In his debut EP, North Londoner Louis Dunford takes us back to the streets we grew up on, and to an era of music now nostalgic. The Morland EP—released today along with the new single, “When We Were Hooligans,” via Sony—positions Dunford amidst a heady mix of late noughties and early tens influence, while still, somehow, feeling fresh.
Transcending genres and sound, no two tracks are the same on The Morland EP. Here’s where Louis’ mystery lies: in his scope of style and emotion, as his literal lyrics don’t leave much room for nuance. The five tracks take us on a journey of hometown pride in “London’s Requiem,” reminiscent of Adele’s “Hometown Glory” (2008), through to a sound not unlike The Streets in “Regretamine;” via an authoritative, upbeat look back at teenage London life in new track “When We Were Hooligans,” where with his rolled Rs and deft pre-chorus transitions, he could pass for a London Alex Turner. Ed Sheeran and Ben Howard are potential influences, too, on “Ballad of Benjamin” and “Hello Depression” respectively.
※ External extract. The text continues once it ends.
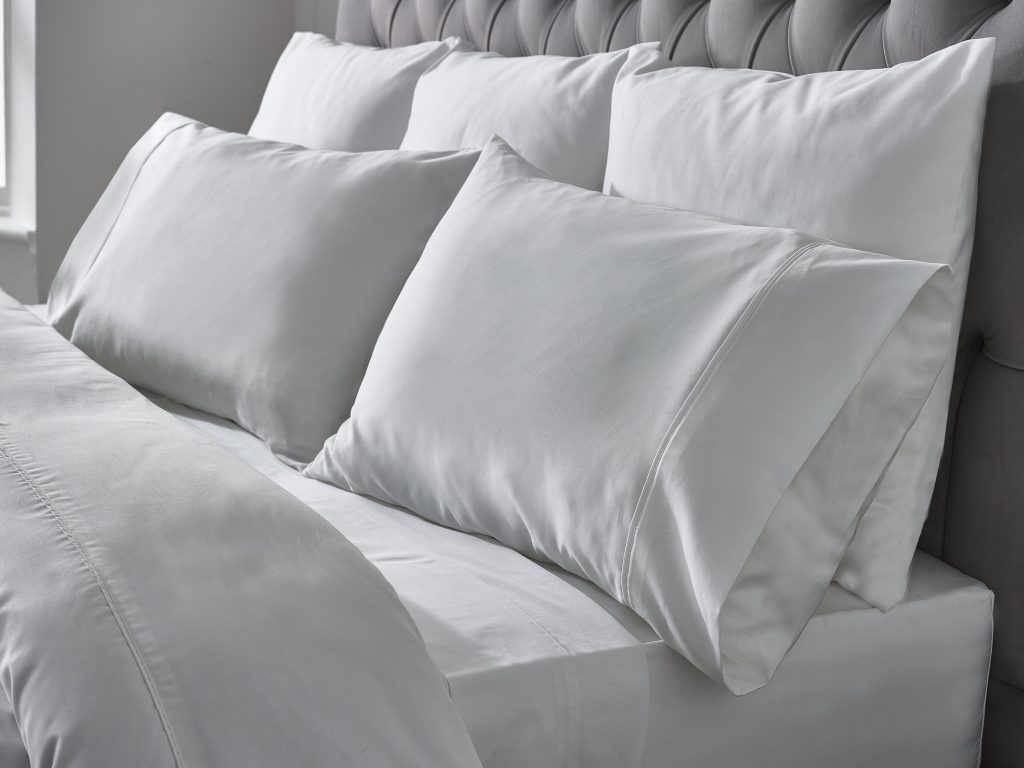 Premium Cotton Sateen Bedding Set. Luxuriously soft to the touch.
We feel at home with Louis. Safe. Despite his range, his coherent lyrics—in both enunciation and meaning—ground his sound. He digs deep, however: his topics of drugs and depression evoke strong sympathies. But there’s an underlying optimism; there’s always the promise of an uplift throughout the EP. “I’ve got depression,” he croons at the end of the final track, and we feel heard in his honesty. But “depression’s not got me,” he sings in closing, and listeners are left if not yet triumphant, then at least with some hope.
Top Track: “When We Were Hooligans”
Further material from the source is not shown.